- Students must arrive in Madrid on the arrival date indicated on the Key Dates page and go directly to their Spanish family’s home.
- Throughout the orientation students will meet local faculty and administration and get a thorough introduction to the program, the city of Madrid, and the country as a whole, together with language review, art history and culture classes, and site visits.
NOTE: If you choose to arrive early or stay on after the end of the program, you are responsible for arranging your own temporary housing. You will be provided with suggestions for affordable temporary accommodations during orientation on the Stanford campus.
Accomodations and Meals
- The homestay program in Madrid gives students the rewarding opportunity to integrate into a Spanish home and gain firsthand insights into Spanish life. All families are carefully chosen by the center administration and continually re-evaluated throughout the year.
- Madrid's administration looks for families who enjoy the company of students and who are truly willing to incorporate students into their home as one more member of the family. At the same time, students should remember that they are with the family to observe and understand the cultural differences rather than to impose their own cultural norms.
- As the program’s goal is to attain the highest level of integration possible into the life and culture of Spain, only Spanish is spoken in the home. To help further facilitate students’ integration into family life, all meals are shared with the family with the exception of lunch on Tuesdays and Wednesdays.
- Lunch is usually taken between 2 and 4 pm and most stores are closed between 2 and 5 pm. Consequently, the housing plan includes full room and board with three meals per day, seven days a week.
- The program provides monthly metro/bus passes and classes are suspended between 1:30 and 4:00 so that students may comfortably return home for lunch.
- Students are given a meal supplement twice a week so that they may try Spanish cuisine at local restaurants in addition to the family’s culinary choices.
Meeting People and Extracurricular Activities
Madrid offers more things to do than you could exhaust in a few quarters studying abroad. You are encouraged to explore the city in depth, from its streets and houses to its shops and museums.
Talking with people in a neighborhood café, reading local newspapers, and “getting lost” for a day to explore new surroundings puts you in contact with the city life that locals know. Host families and staff can help you find activities that are of interest and through which you can make Spanish friends.
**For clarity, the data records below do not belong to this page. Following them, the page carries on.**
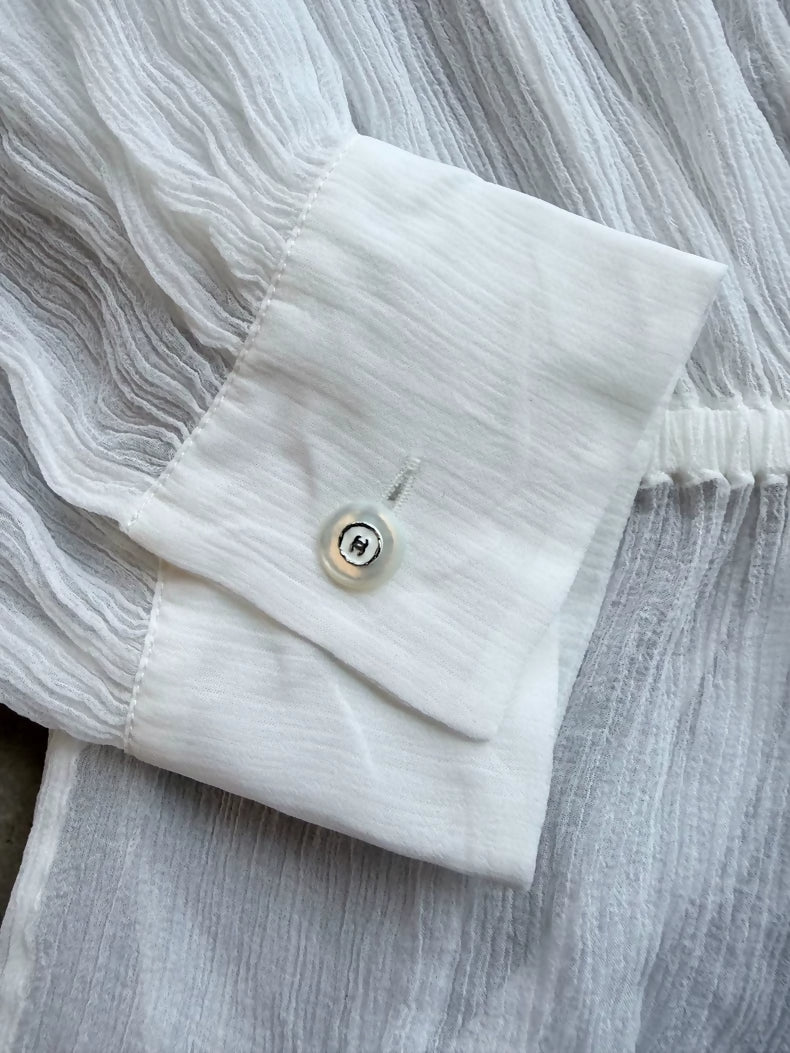 Chanel 25s white silk shirt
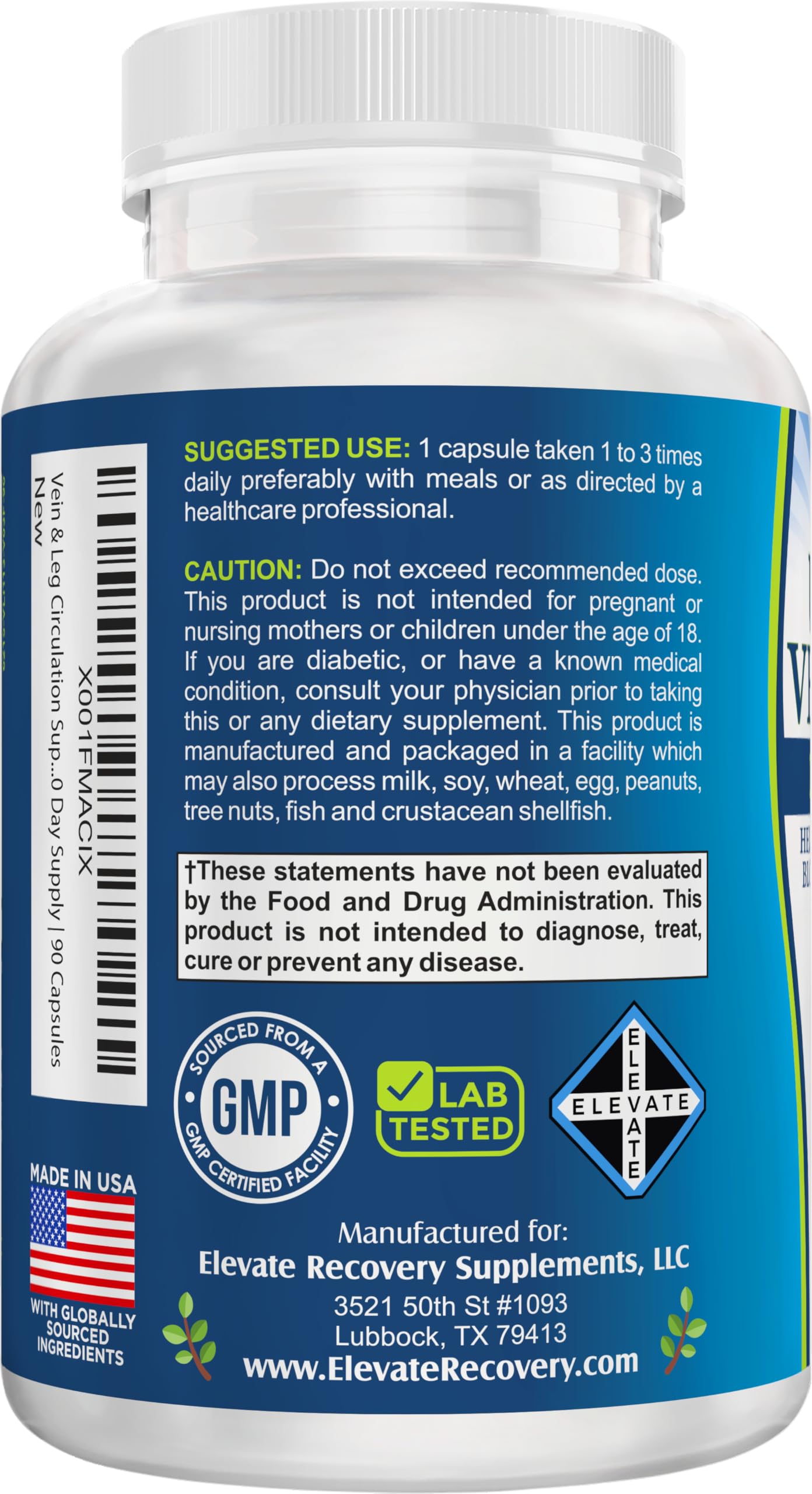 8-in-1 Vein & Leg Health Circulation Support Supplements | Leg + Vein Formula | Circulatory Support Supplement | 1-Month Supply | 90 Capsules Elevate Recovery Supplements uk supplements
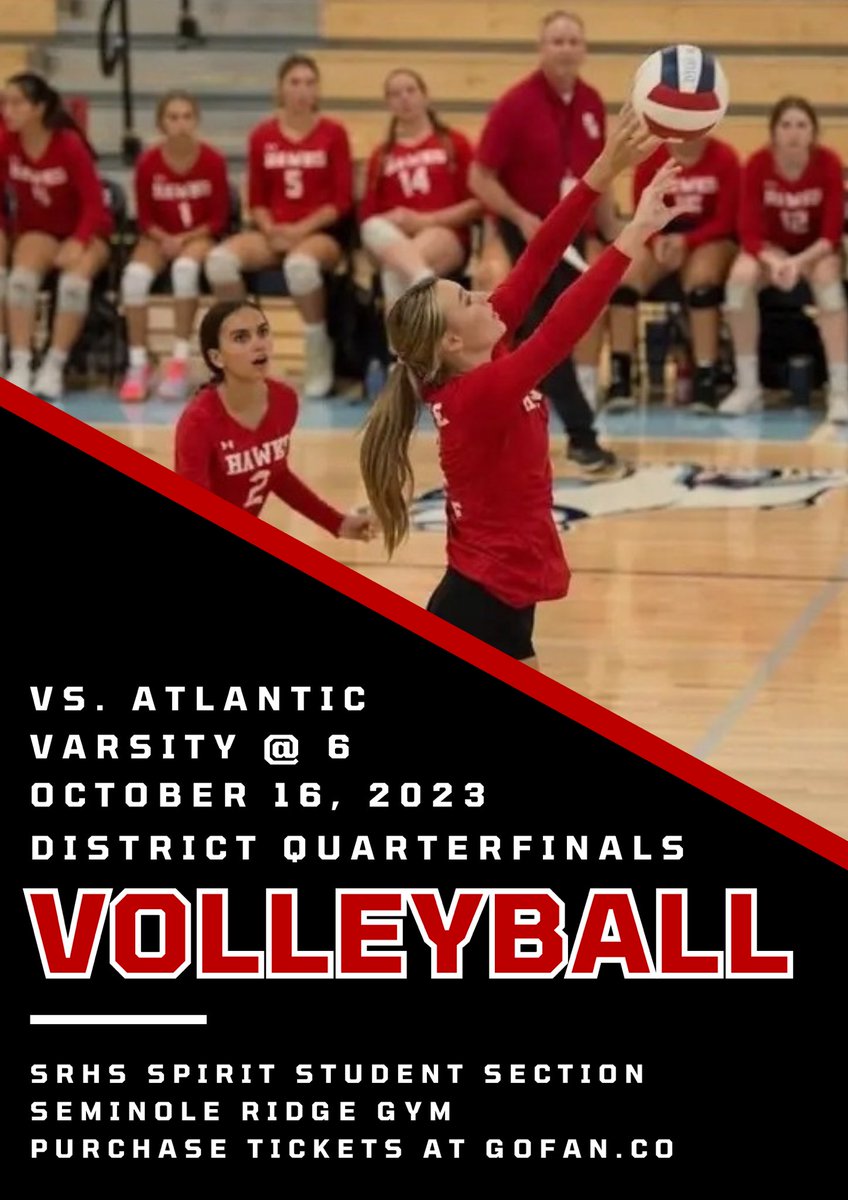 Playoff Volleyball at the Ridge this Monday!  Support our HAWKS!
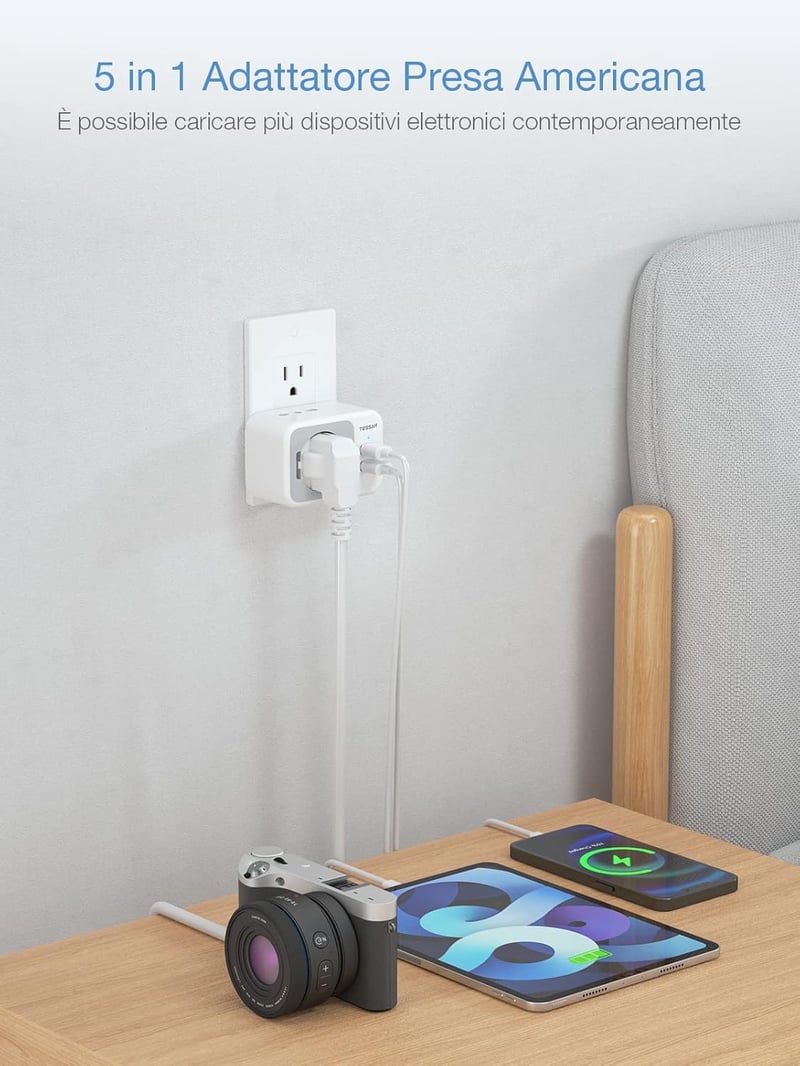 TESSAN Utazási Adapter USA Kanada Mexikó 2 USB Aljzat Töltő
In order to facilitate social interaction with Spanish peers, the Madrid program works with a group of local university students who organize weekly chats and social activities. Students have the opportunity to sign up and participate in the Charlas language partner program and sign up for a weekly “chat” with one of the local students and will be invited to join the entire group in informal activities. For students taking 12M and 13M, participation in this program is mandatory. The Spanish students organize these activities based on the interests of the current Stanford group, local holidays, weather, etc. Activities in the past have included visiting the local university campuses, touring neighborhoods “off the beaten path”, Spanish board games at a local student hang-out, or going to a student-run theatre festival. The Spanish students serve as a gateway to the larger social network of university students in Madrid and give students a chance to experience life as their Spanish peers would.
The more effort you devote to exploring the local environment, the more enriching the experience overall. While opportunities to travel throughout other parts of the Iberian Peninsula exist, if you make a conscious attempt to get to know Madrid and its people while studying at the center, you will be richly rewarded for your efforts.
Situated 650 meters above sea level, Madrid is Europe’s highest capital and third largest city (after London and Berlin). Wide 18th and 19th century boulevards in parts of the city contrast with the narrow and winding streets of the city’s historic center. Today, Madrid is the financial and political center of Spanish life, home to the Government, Cortes(Parliament), Senate, and Royal Family.
A variety of world-renowned museums, including the Prado, Thyssen-Bornemisza, and Reina Sofía, serve as a testament to the city's thriving and varied cultural community and multicultural past. Madrid is also known for its lively and colorful fiestas which are held at celebration times throughout the year, not to mention its exciting night life.